Instructions for the task
The records sit below. Return every line in them that holds the word "uxlab".

=== Exercise material ===

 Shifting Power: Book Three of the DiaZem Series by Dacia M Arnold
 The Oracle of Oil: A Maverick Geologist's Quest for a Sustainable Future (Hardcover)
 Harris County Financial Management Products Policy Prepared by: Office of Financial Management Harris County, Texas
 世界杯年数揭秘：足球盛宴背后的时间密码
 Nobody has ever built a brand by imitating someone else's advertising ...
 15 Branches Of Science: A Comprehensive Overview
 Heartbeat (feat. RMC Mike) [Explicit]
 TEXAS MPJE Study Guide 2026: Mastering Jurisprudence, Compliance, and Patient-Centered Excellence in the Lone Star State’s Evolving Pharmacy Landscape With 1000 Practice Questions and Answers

===
=== Exercise material ===

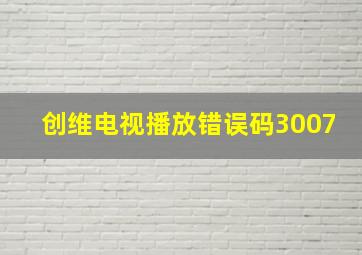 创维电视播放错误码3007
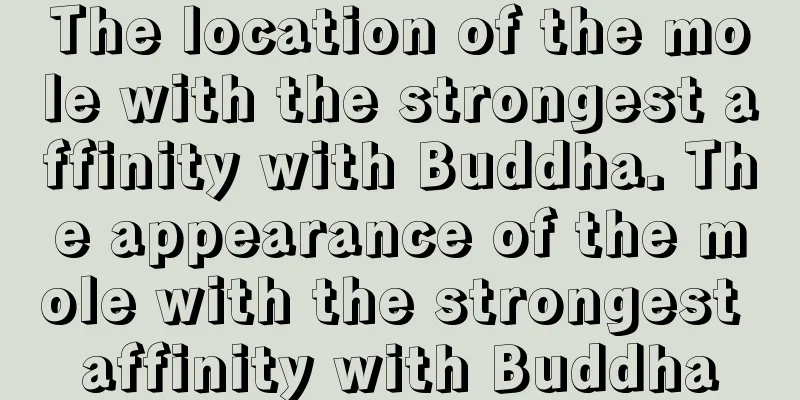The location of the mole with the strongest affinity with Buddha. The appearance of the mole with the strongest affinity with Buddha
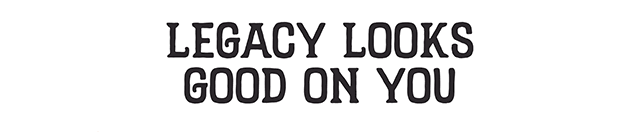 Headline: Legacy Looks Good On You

===
=== Exercise material ===

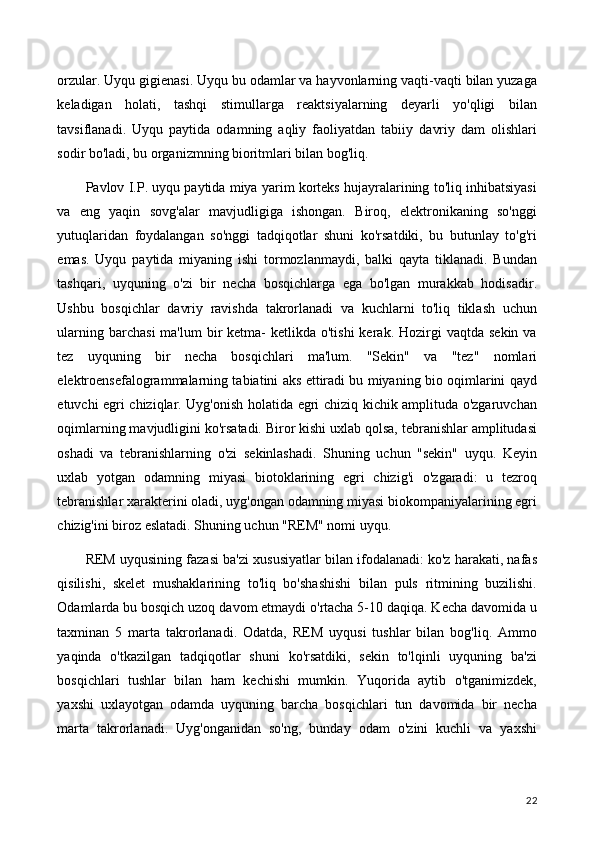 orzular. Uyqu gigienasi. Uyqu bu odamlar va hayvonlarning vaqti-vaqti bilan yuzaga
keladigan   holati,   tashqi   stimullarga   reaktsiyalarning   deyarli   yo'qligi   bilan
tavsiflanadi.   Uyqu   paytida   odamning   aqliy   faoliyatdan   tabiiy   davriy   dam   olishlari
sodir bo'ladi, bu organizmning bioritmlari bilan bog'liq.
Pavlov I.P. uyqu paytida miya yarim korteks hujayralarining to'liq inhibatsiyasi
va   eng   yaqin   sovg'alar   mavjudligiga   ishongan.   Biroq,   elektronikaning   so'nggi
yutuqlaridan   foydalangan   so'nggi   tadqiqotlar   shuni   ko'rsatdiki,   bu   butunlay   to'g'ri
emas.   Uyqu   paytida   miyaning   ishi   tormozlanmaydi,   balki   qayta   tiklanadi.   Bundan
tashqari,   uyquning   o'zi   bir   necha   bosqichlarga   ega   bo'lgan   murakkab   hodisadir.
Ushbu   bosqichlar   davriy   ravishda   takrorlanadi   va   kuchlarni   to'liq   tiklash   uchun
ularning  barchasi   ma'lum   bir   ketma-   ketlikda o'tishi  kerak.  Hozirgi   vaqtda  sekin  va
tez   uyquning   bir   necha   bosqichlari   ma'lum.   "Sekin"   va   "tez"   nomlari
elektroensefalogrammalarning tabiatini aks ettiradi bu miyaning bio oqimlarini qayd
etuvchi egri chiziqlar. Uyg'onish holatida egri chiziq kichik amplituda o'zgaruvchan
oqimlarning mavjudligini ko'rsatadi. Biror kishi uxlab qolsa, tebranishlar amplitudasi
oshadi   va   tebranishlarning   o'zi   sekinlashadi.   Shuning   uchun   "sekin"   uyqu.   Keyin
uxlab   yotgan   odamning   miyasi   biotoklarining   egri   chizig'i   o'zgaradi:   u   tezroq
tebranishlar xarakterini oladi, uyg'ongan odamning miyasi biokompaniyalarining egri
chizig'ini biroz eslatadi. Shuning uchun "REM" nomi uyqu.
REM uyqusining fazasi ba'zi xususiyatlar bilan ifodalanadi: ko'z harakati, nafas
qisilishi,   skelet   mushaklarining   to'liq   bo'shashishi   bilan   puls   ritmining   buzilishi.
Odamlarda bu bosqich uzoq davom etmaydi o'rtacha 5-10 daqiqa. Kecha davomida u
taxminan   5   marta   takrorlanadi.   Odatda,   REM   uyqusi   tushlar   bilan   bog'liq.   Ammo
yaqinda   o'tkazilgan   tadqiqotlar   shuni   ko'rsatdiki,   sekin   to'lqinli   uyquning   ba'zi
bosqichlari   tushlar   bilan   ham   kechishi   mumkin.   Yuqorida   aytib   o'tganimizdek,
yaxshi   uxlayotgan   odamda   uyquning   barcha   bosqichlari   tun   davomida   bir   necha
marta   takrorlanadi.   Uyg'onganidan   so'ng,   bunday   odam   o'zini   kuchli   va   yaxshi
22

===

Expected answer
oqimlarning mavjudligini ko'rsatadi. Biror kishi uxlab qolsa, tebranishlar amplitudasi
uxlab   yotgan   odamning   miyasi   biotoklarining   egri   chizig'i   o'zgaradi:   u   tezroq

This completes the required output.